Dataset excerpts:
····················
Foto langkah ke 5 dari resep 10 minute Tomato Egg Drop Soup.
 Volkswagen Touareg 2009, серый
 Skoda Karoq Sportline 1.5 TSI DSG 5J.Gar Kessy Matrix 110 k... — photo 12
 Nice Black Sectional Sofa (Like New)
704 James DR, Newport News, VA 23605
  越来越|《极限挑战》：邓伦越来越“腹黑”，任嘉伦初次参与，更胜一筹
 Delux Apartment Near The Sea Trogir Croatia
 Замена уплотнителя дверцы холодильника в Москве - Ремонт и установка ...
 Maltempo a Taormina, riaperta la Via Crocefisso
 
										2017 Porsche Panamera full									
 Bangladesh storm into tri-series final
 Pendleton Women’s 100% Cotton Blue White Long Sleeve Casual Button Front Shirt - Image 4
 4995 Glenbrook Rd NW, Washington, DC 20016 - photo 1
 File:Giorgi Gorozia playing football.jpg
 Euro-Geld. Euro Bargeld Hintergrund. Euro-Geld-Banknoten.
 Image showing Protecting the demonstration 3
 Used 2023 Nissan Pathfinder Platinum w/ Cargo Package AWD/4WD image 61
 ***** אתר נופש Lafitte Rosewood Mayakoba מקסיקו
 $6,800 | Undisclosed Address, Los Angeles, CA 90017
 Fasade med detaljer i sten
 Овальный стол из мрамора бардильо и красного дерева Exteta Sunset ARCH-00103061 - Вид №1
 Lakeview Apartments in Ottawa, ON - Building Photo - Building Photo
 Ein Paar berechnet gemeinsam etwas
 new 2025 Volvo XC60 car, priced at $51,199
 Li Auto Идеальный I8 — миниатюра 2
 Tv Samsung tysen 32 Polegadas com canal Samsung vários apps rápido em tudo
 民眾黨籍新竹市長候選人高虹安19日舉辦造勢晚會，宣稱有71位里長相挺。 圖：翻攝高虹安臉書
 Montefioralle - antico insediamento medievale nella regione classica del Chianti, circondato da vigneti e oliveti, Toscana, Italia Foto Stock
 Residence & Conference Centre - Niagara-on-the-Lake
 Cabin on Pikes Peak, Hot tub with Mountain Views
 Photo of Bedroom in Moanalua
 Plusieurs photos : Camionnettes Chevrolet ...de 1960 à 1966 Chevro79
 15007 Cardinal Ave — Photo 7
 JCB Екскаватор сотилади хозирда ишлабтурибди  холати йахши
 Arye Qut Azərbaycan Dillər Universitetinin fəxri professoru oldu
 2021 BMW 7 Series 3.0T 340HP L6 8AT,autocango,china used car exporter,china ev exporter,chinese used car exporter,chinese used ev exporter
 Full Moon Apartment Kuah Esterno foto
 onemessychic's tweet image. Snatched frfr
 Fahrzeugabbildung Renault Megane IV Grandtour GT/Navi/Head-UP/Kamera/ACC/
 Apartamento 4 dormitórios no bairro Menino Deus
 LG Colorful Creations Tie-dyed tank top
····················
The task: In the entries above, the lines between the one holding "Pendleton Women’s 100%" and the one holding "Fasade med detaljer i sten", inclusive, are to be printed exactly as written, and those alone.

Answer to this exercise:
 Pendleton Women’s 100% Cotton Blue White Long Sleeve Casual Button Front Shirt - Image 4
 4995 Glenbrook Rd NW, Washington, DC 20016 - photo 1
 File:Giorgi Gorozia playing football.jpg
 Euro-Geld. Euro Bargeld Hintergrund. Euro-Geld-Banknoten.
 Image showing Protecting the demonstration 3
 Used 2023 Nissan Pathfinder Platinum w/ Cargo Package AWD/4WD image 61
 ***** אתר נופש Lafitte Rosewood Mayakoba מקסיקו
 $6,800 | Undisclosed Address, Los Angeles, CA 90017
 Fasade med detaljer i sten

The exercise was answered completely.